Berdasarkan pengalaman sendiri dalam menyelenggarakan beberapa turnamen bulutangkis internasional, Titus mengungkapkan alasannya mengapa AC itu menjadi penting di Istora sekarang ini. "Pada kejuaraan-kejuaraan sebelumnya, kita lihat tempat-tempat yang VIP, darimana sebetulnya pemasukan lebih banyak? Banyak yang kosong. Kenapa? Karena orang kepanasan, jelasnya. 

"Orang jadi memilih lebih baik menonton di televisi saja." Tetapi dengan menonton di rumah ada yang kurang juga. Orang jadi kehilangan atmosfir yang gegap gempita, yang menyenangkan dalam menonton pertandingan itu. " AC itu sudah menjadi tuntutan masyarakat, khususnya masyarakat pencinta bulutangkis untuk menonton bulutangkis dalam suatu tempat yang sejuk. Tidak usah dingin," kata Titus. 

Jadi tujuannya betul-betul untuk penonton. Jadi tuntutan akan kesejukan ini wajar-wajar saja. Apalagi AC bukan lagi hal yang mewah. Sekarang ini hampir semua mobil ber-AC, begitu juga di rumah. "Langkah Istora yang memasang AC itu memang sudah tepat dan sudah waktunya," kata Titus. 

Siap Waktunya

Itu untuk kepentingan penonton, bagaimana bagi pertandingannya sendiri? Apa tidak ada pengaruhnya? "Arenanya memang tidak bisa diberi kesejukan," jawab Titus. Apalagi di atas lapangan dipasang lampu yang harus mencapai penyinaran 1.200-1.400 watt. Jadi memang harus panas." 

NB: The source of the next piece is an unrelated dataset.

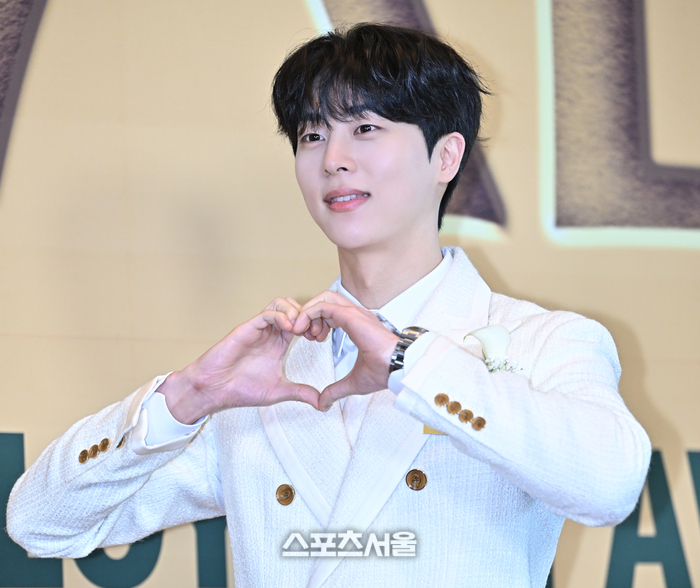 [포토] 김무준 ‘사랑해요’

Kecuali itu, AC pun tidak bisa dipasang secara penuh untuk mendinginkan seluruh ruangan, karena bisa menimbulkan turbulensi udara yang dapat mengganggu permainan. Seperti yang terjadi di Singapore Indoor Stadion. 

"Jadi dari antara sekian banyak kepentingan ini, kita memilih pertandingannya itu sendiri, the game harus menjadi prioritas!" Karena itulah, biar pun diberi AC, tapi tidak semua penonton nantinya yang akan dimanjakan dengan penyejuk ruangan itu. Mungkin hanya penonton yang membayar lebih saja yang akan dapat menikmatinya. Hanya di sisi barat dan timur saja yang akan dipasangi beberapa fan coil unit. 

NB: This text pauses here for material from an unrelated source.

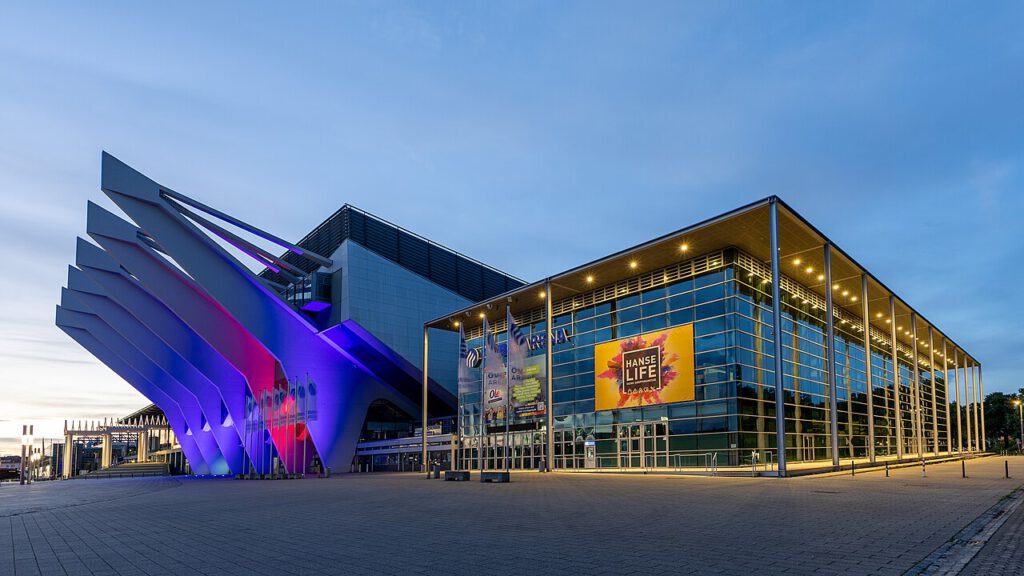 Die Stadthalle in Bremen bei Sonnenuntergang.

Masing-masing unit itu juga ada switch on off-nya, hingga jika dirasakan masih menyebabkan turbulensi, masih bisa dimatikan untuk bagian-bagian yang memang mengganggu. Di situlah letak komprominya, antara kepentingan penonton dan pertandingannya. Penonton tidak perlu kipas-kipas sementara pemain pun tidak terganggu dalam bermain. 

"Jadi kalau pemain asing yang tidak tahan panas itu berharap, dengan Istora dipasang AC, lalu seluruh ruangan menjadi dingin, itu tidak benar. Masyarakat kita tidak perlu kuatir soal ini. Hanya saja renovasi kita memang belum mencapai seluruhnya," tambah Titus.

Salah satu yang masih kurang adalah soal tempat duduk yang bernomor. Soalnya kalau sudah ber-AC nanti penonton dilarang merokok. Yang mau merokok silakan di luar, di galeri. Repotnya, kalau mau masuk lagi, biasanya kursinya sudah hilang, ditempati penonton lain. "Ini akan coba kita hindari dengan menjual karcis tidak berlebih-lebihan, sesuai dengan jumlah tempat duduknya," kata Titus.

Ada satu hal yang perlu dicatat penonton yang ingin menyaksikan bagaimana jago-jago bulutangkis berlaga. Untuk pertama kali, selain dilarang merokok, juga dilarang membawa makanan dan minuman ke dalam. "Ini untuk menghindari terjadinya lempar-lemparan dari penonton," ucap Titus memberi alasan. Sebagai negara bulutangkis terkuat di dunia saat ini, kita ini sudah pantas memiliki gedung pertandingan yang memadai.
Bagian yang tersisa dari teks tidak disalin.